|
1) Flexible Connector Line
This line is used to connect
the isolating valve of container cylinder to the header
valve in the manifold header pipe and is made of Cadmium
plated copper flexible tubing (1/4" OD x 6' or
10' length). The isolating valve assembly will trap
the gas in the flexible connector when replacing the
gas containers/cylinders, and prevent moisture from
entering the line. Moisture inside of flexible connector
combined with gas will cause corrosion. Keep isolating
valves closed when changing the gas containers/cylinders.
When replacing flexible connectors, the header valves
if possible should be closed to prevent gas from escaping
and moisture from entering the manifold. Header valve
permits isolating the flexible connector from the manifold
piping for maintenance or replacement.
2) Pressure Manifold Line
The pressure manifold allows
for the coupling of any number of chlorine containers/cylinders
to a common header as required for a gas feed system.
The valves on horizontal manifolds may be piped in either
direction. The maximum size of a chlorine header system
under pressure in any applications should never be larger
than one (1) inch.

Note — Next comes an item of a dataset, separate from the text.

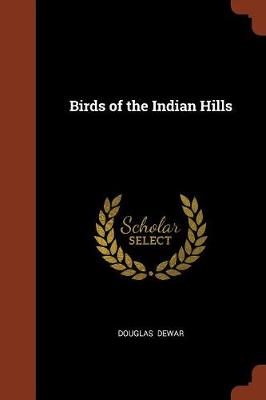 Birds of the Indian Hills (Paperback)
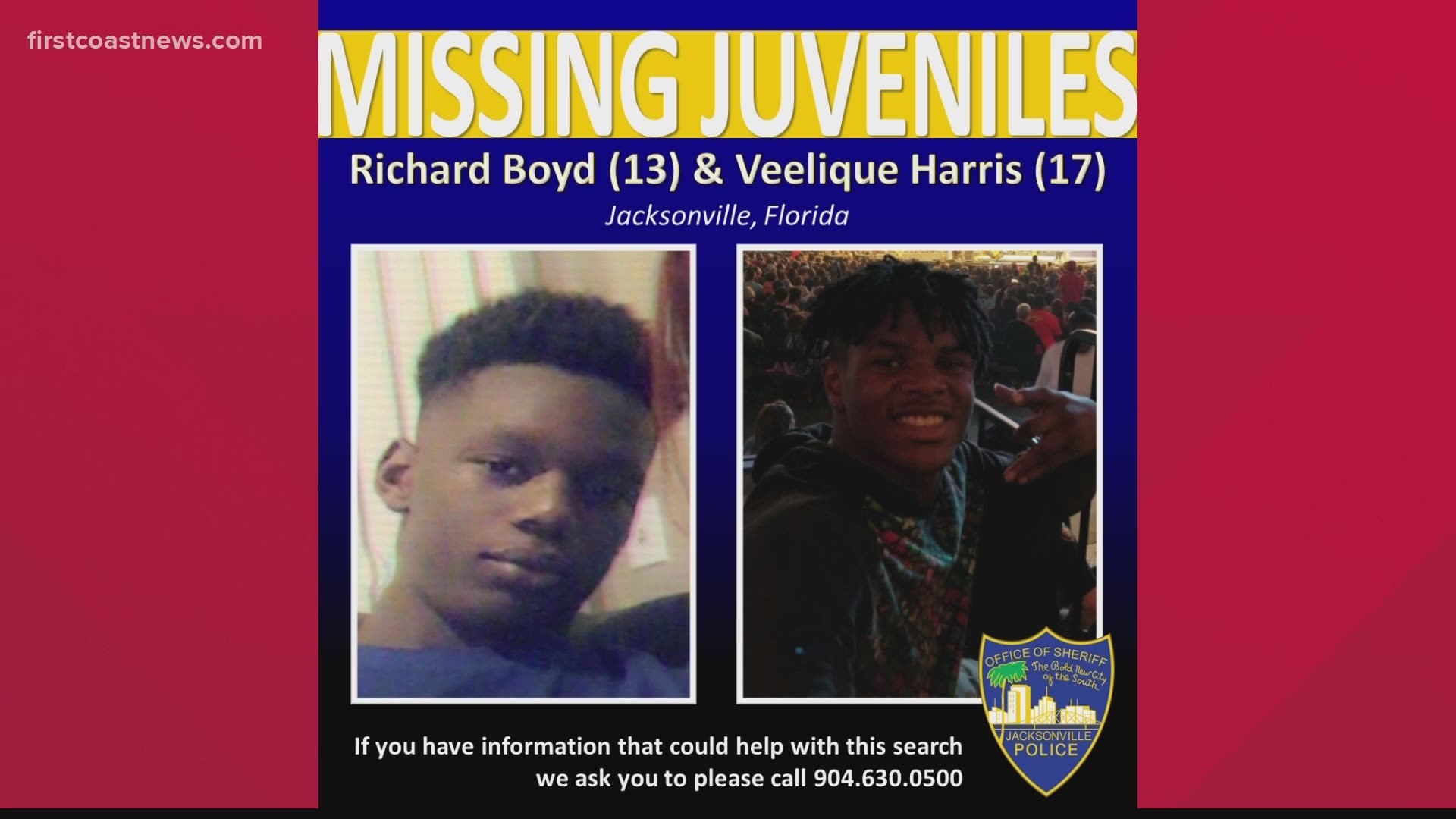 The Jacksonville Sheriff's Office says 13-year-old Richard Boyd and 17-year-old Veelique Harris were last seen in the Jacksonville Heights area.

The pipes size & materials are
as ff.:
- 3/4" seamless carbon
steel, grade B, Sch. 80, types S, ASTM A-106 pipe
for Gas Withdrawal
- 1" seamless carbon
steel, grade B, ASTM A-106 pipe for Liquid Withdrawal
Note that prior to assembly,
the threads of header valves should be coated with a
mixture of litharge and glycerin for a permanent joint
or Teflon tape for a serviceable connection to above
manifold pipe.
The entire length of the
chlorine gas pressure manifold should be heat traced
with strip heaters to prevent reliquefaction of chlorine
gas in the manifold. Drip legs with pad heaters should
also be supplied. The number and orientation of the
drip legs should be in accordance with Engineering Data
Sheets A2.62107 and A2.62108.
In preparation for use, all
chlorine pressure piping should be pressure tested.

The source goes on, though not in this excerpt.